RECORDS FOR THE TASK -
========================================

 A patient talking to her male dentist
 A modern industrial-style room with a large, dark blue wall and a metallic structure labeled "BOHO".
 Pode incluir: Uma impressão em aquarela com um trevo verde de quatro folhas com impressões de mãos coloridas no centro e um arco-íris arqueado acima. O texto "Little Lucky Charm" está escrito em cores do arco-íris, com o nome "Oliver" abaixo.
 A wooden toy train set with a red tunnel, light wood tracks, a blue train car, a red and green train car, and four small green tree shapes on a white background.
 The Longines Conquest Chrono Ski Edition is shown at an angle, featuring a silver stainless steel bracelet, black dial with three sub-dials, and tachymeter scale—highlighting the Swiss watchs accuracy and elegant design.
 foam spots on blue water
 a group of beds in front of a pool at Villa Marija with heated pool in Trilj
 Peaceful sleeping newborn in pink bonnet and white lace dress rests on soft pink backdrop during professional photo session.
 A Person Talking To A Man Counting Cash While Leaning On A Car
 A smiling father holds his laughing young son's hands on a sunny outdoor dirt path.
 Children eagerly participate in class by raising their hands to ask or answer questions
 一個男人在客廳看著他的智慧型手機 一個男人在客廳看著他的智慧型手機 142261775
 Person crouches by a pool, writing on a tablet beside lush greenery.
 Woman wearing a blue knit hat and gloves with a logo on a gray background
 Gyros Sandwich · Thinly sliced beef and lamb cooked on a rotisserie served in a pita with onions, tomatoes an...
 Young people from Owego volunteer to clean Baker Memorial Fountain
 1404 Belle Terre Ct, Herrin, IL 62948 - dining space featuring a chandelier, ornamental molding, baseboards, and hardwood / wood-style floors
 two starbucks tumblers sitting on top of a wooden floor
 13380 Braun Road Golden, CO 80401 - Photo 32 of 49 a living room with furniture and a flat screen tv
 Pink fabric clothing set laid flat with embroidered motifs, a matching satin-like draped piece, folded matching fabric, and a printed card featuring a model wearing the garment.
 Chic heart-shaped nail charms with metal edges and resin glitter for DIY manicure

========================================

TASK TO COMPLETE - In the data above, find each line where the string "room" appears, then copy it.

TASK SOLUTION -
 A modern industrial-style room with a large, dark blue wall and a metallic structure labeled "BOHO".
 13380 Braun Road Golden, CO 80401 - Photo 32 of 49 a living room with furniture and a flat screen tv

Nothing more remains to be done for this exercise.